## Work to be completed
Your task is to give the listing below back word for word, pictures excluded.

## Source data
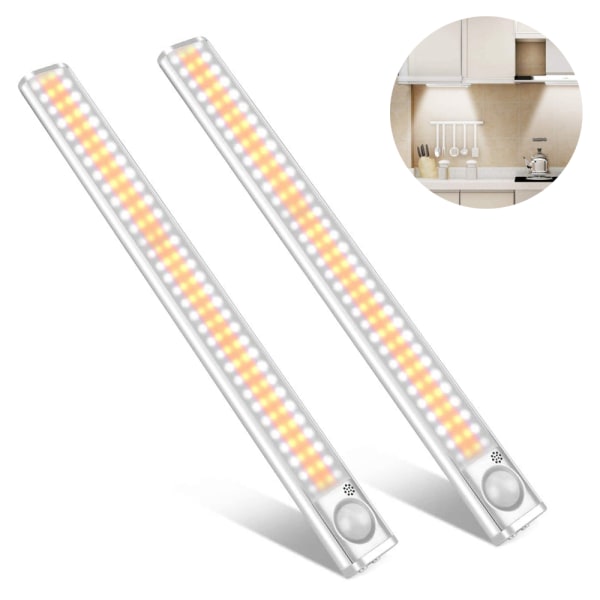 2-pakning 160 LED-skaplys med bevegelsessensor under skaplys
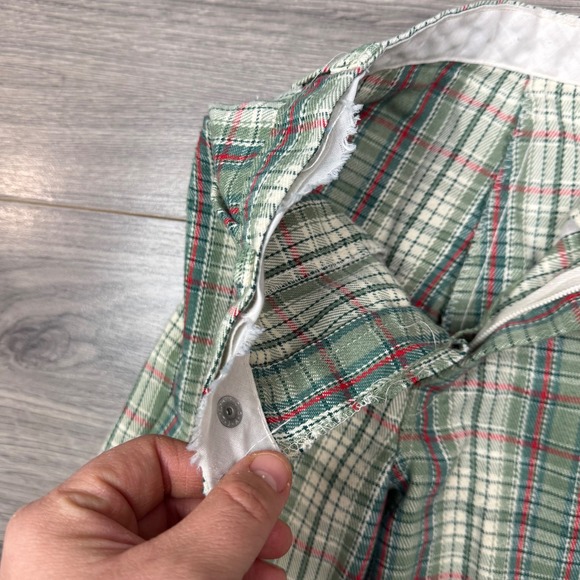 Vintage 70s Sears Rough-Housers Plaid Pants 6 Slim Flare Perma-Prest Boys - Picture 4 of 11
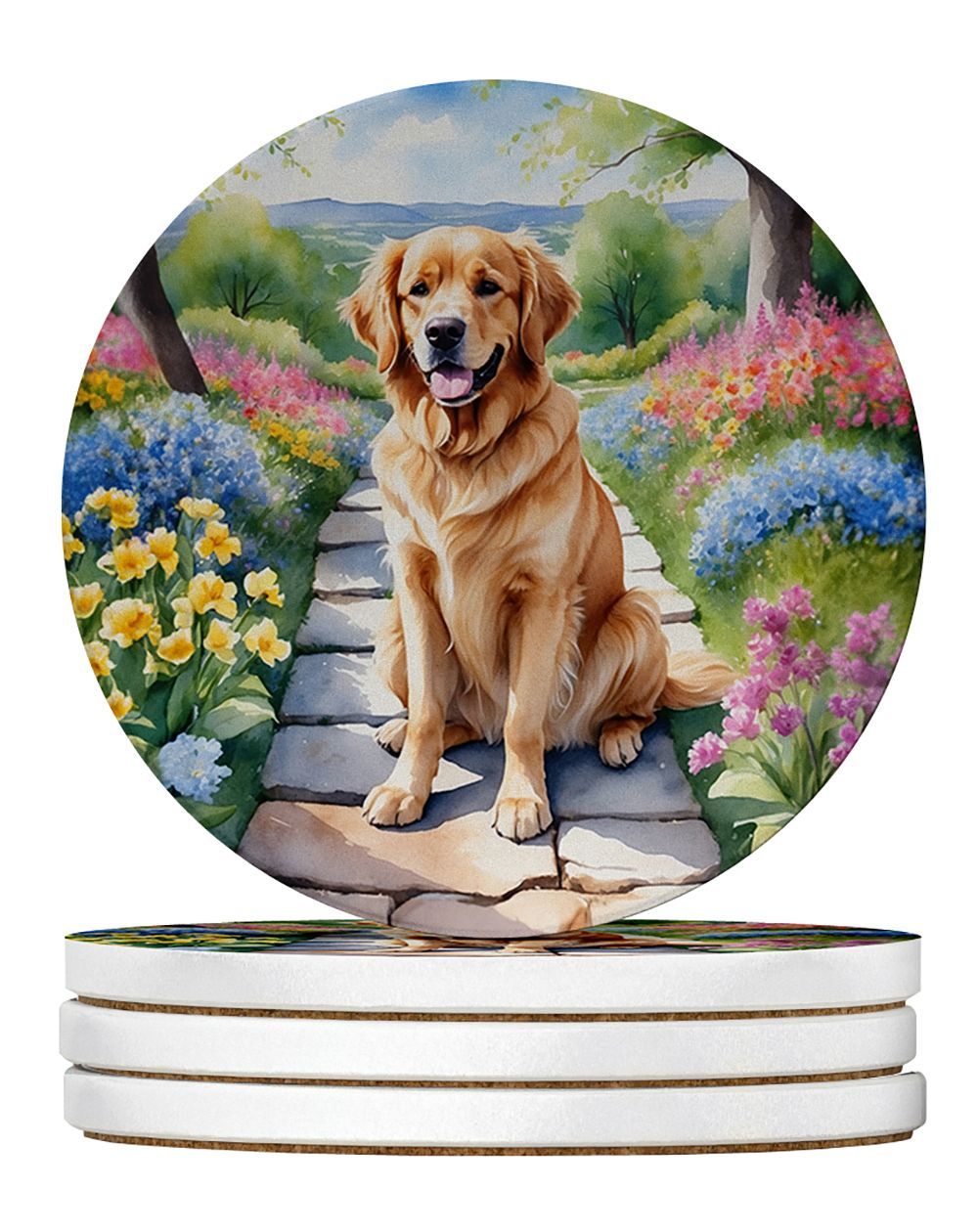 Golden Retriever Spring Path Large Sandstone Coasters Pack Of 4 Absorbent Round Coasters Decor Gifts For Men Or Women, 4 In, Multicolor_maomaolike.com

## Response to the task
 2-pakning 160 LED-skaplys med bevegelsessensor under skaplys
 Vintage 70s Sears Rough-Housers Plaid Pants 6 Slim Flare Perma-Prest Boys - Picture 4 of 11
 Golden Retriever Spring Path Large Sandstone Coasters Pack Of 4 Absorbent Round Coasters Decor Gifts For Men Or Women, 4 In, Multicolor_maomaolike.com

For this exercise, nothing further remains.